New Delhi: The Parliamentary Standing Committee on Ministry of Home Affairs (MHA) has raised concerns over the rising number of cyber crimes in the country in its latest report submitted on February 10 in Parliament.

The Committee, headed by the Congress lawmaker Anand Sharma, said, quoting the National Crime Record Bureau (NCRB)data, that the cyber crime cases have increased from 27,248 in 2018 to 50,035 in 2020 mainly related to financial transactions.

“The criminals not only target the innocent and vulnerable, especially elderly people, and dupe them of their savings but also well-known persons and celebrities,” the panel said, adding that specialised training was required to deal with the increasing cyber crimes in the country.

The Committee also recommended that the Sardar Vallabhbhai Patel National Police Academy (SVPNPA), North Eastern Police Academy (NEPA) should coordinate with the state training academies to train police personnel with requisite knowledge of cyber laws, cyber crime investigation, digital forensics and upgrade them from time to time on new technological tools to deal with cyber crimes. The training academies may be advised to recruit cyber experts as trainers on cyber technologies.

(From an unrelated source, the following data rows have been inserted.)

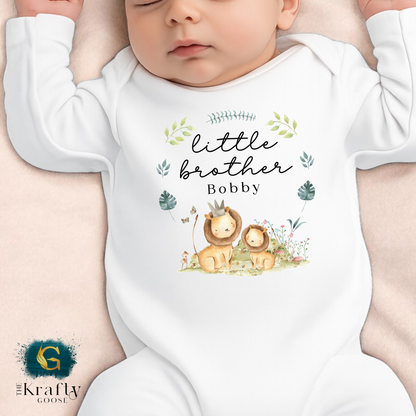 Little Brother Lion Design - Sleepsuit Romper - Vest - Bib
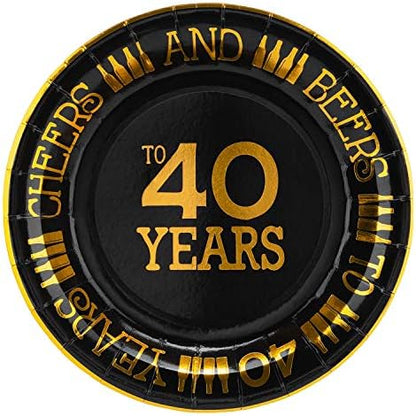  40th Birthday Plates Black And Gold Dessert, Buffet, Cake, Lunch, Dinner Plates For 40th Birthday Decorations Party Supplies, Cheers To 40 Years! 50 Count, 9" Plate
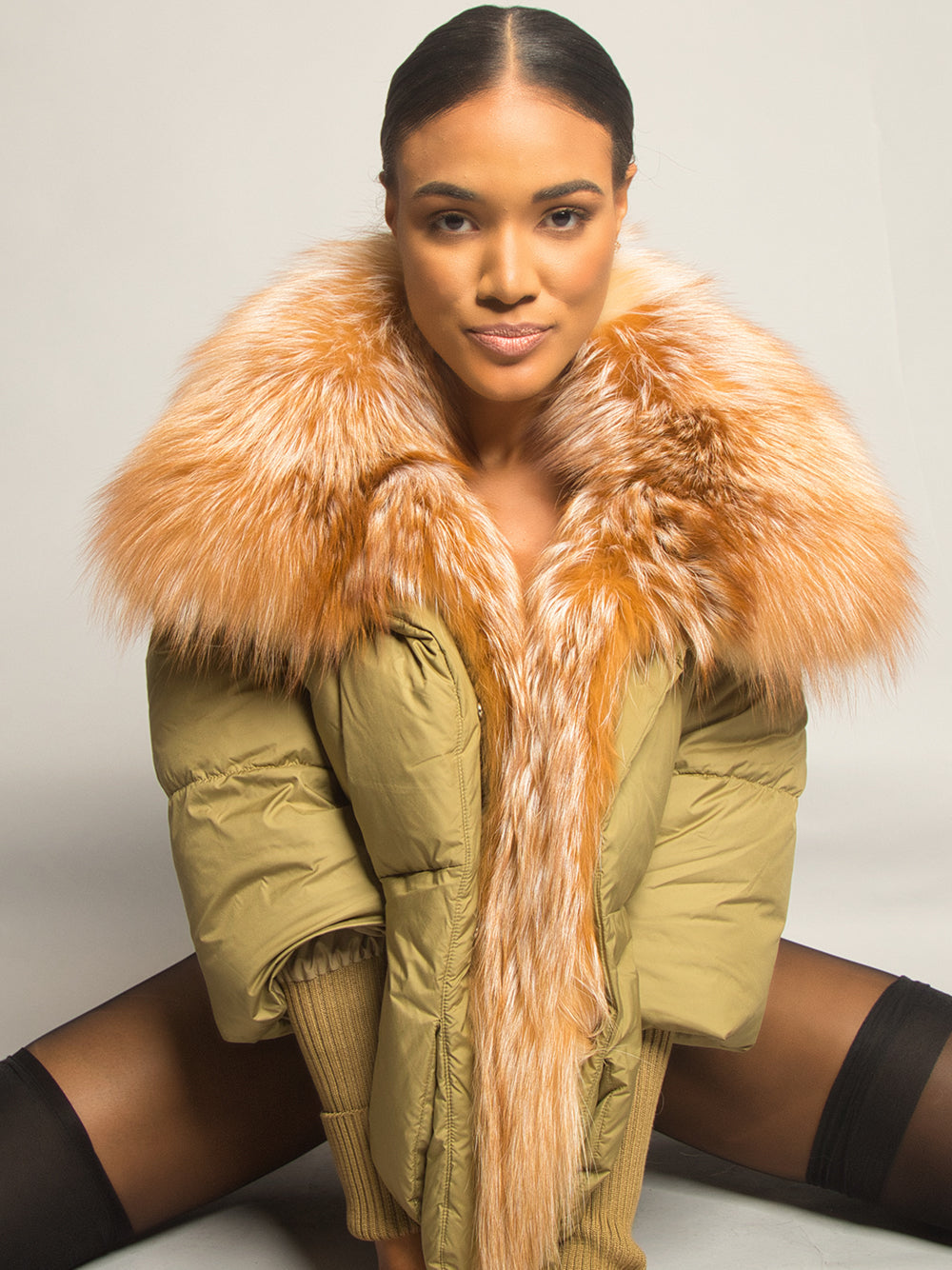 Fur Trim Puffer Jacket in Khaki & Brown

Noting that with an advancement of technology, cyber crimes have emerged as a major issue all across the globe and transcend geographical boundaries making it tough to track criminals, the panel expressed its deep concerns over the rising trend of cybercrimes in the country.

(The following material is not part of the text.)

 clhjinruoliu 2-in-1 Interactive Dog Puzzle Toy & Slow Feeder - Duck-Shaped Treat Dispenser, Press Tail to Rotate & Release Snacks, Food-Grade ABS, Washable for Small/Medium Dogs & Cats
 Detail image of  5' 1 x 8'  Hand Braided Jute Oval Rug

The panel also observed that traditional training of the police personnel was not sufficient to deal with cyber crimes as these criminals are tech-savvy and are following new modus-operandi on a regular basis, the MHA officials informed the panel that to strengthen training on the cyber crime investigation, a specialised centre of SVPNPA, namely National Digital Crime Resource & Training Centre (NDCRTC), set up in 2015, provides training in cyber crime investigation and cyber security to all law enforcement officers across the country.

“Some of the courses conducted by NDCRTC encompass the areas of disk forensics, mobile forensics and call detail record analysis, windows forensics, internet-based crimes, network forensics, dark web, open-source intelligence, block chain, social media analysis and investigation of digital payment frauds. NDCRTC has conducted over 290 physical courses and trained more than 8800 officers in the last five years from more than 24 organizations,” the MHA informed the panel.

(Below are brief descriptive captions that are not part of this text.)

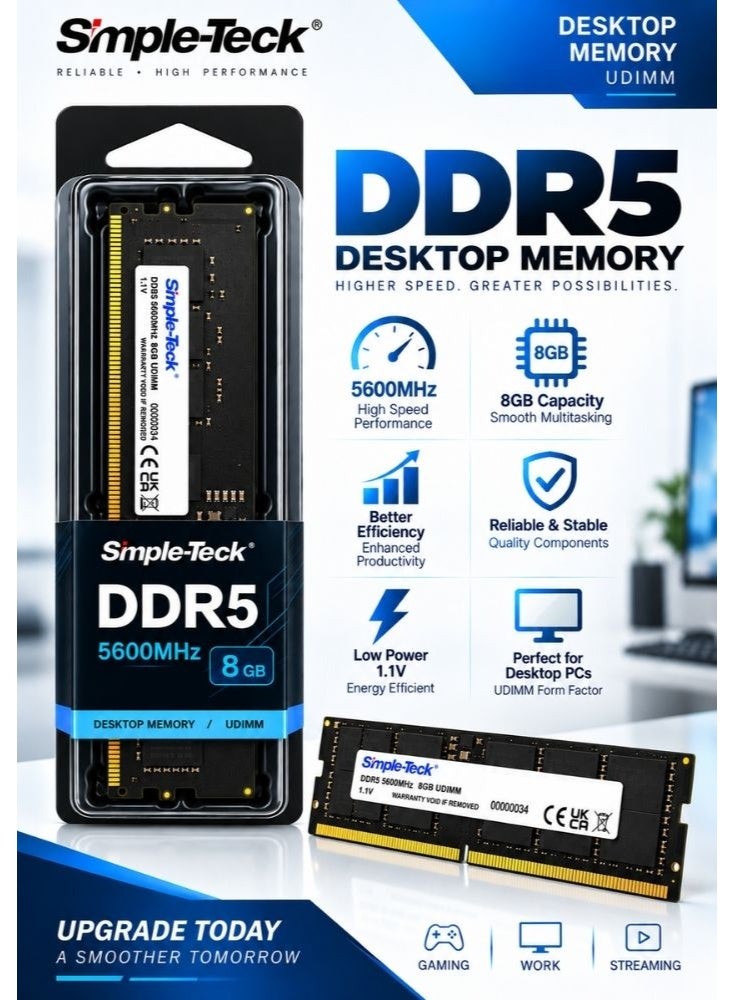 Simple-Teck DDR5 5600MHz Desktop RAM | 8GB | UDIMM Memory Module | High-Speed DDR5 PC Memory | 1.1V | Desktop Computer Upgrade - Image 3
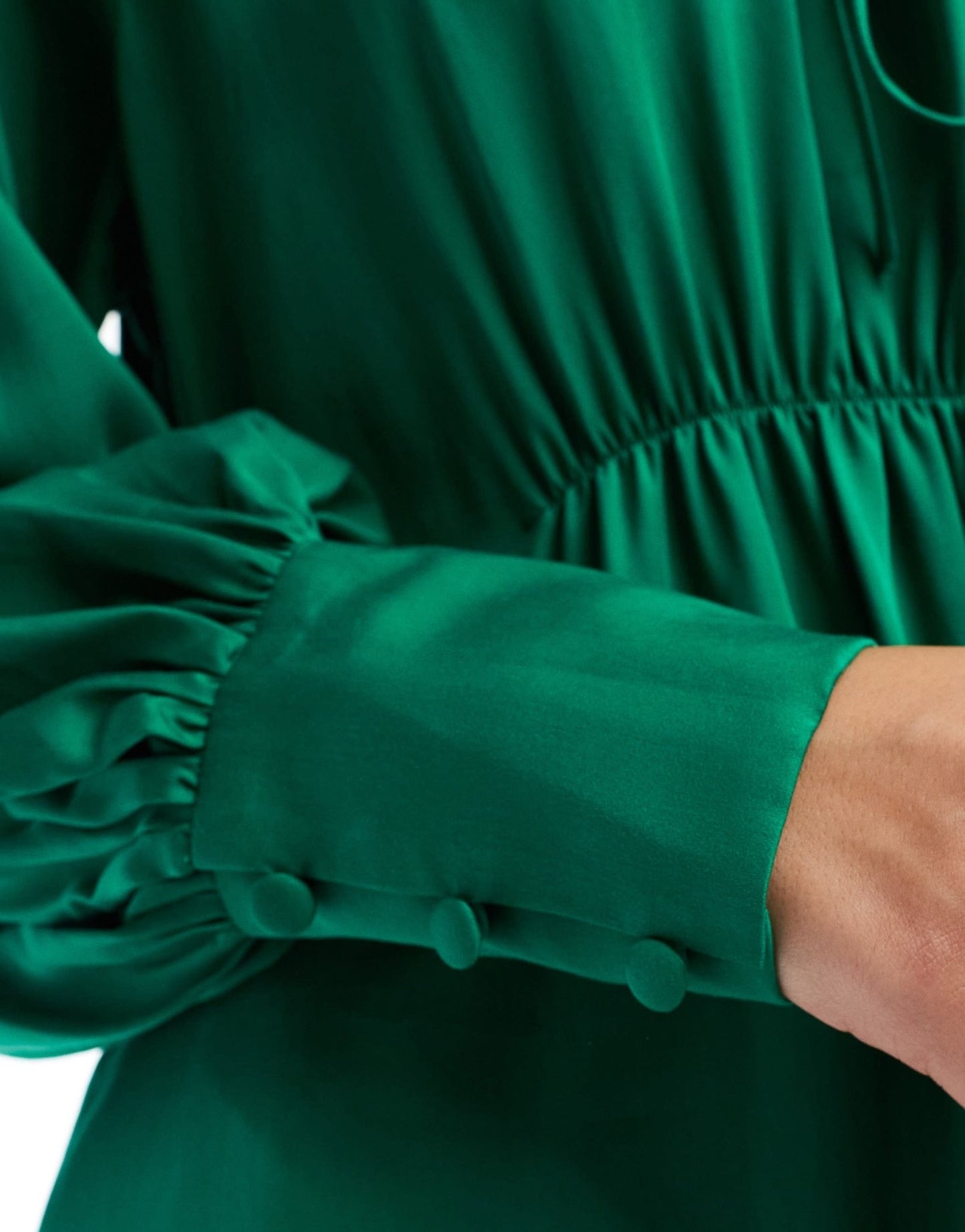 & Other Stories maxi dress with tie front v - neckline and long sleeves in green - ASOS Sample Sale EU Store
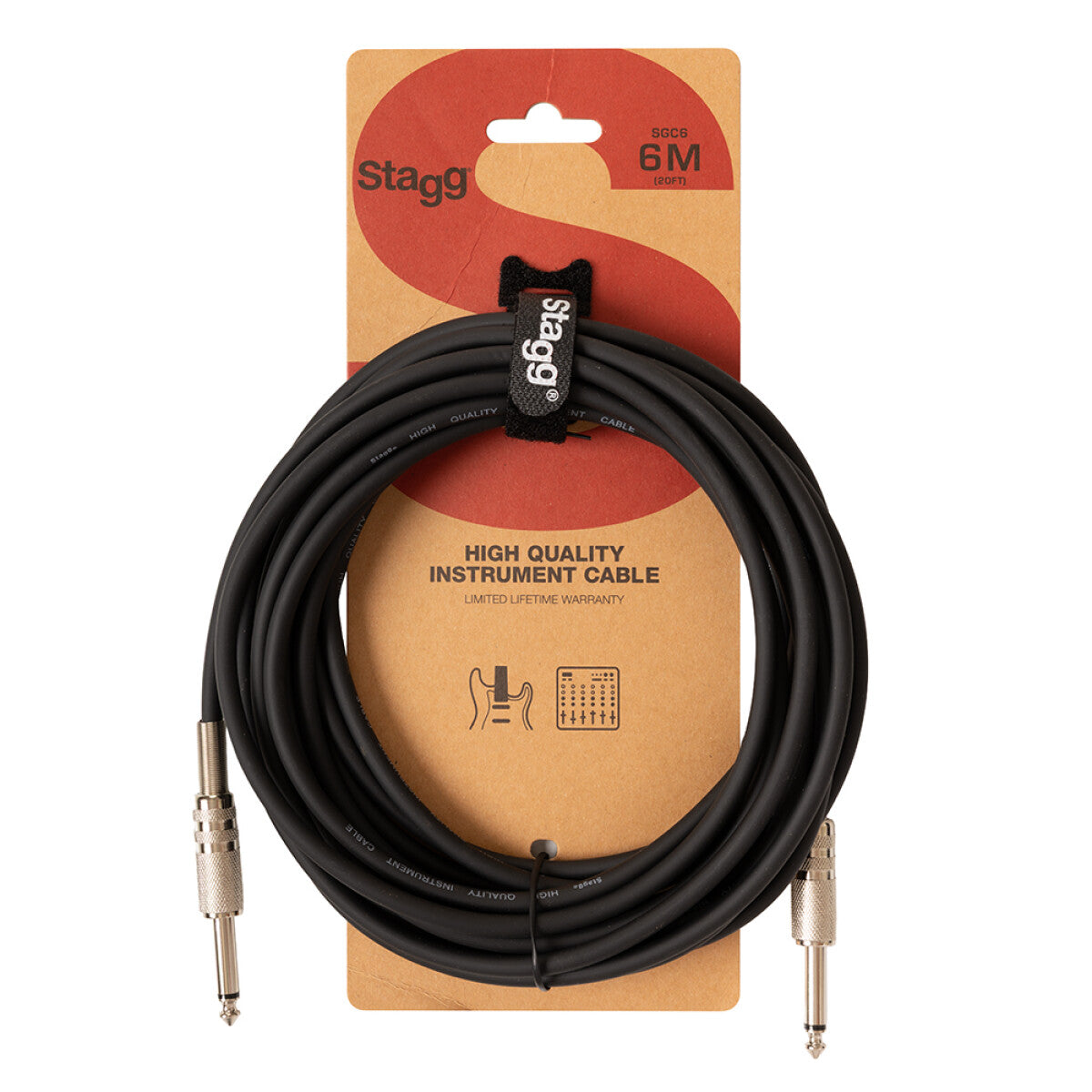Stagg SGC6 instrumentkabel jack/jack (m/m), 6 m, S-serie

The MHA also informed the committee that the National Police Academy has the capacity to train around 200 officers at most in a year while the Central Detective and Training Institute (CDTI) and the Bureau of Police Research and Development (PR&D) have another modest initiative, mainly for ranks of sub-inspectors and inspectors.

The committee also recommended that the MHA may allocate adequate funds and extend necessary resources for the establishment of cyber training labs and strengthening, upgrading of existing cyber training infrastructure in all the states and union territories.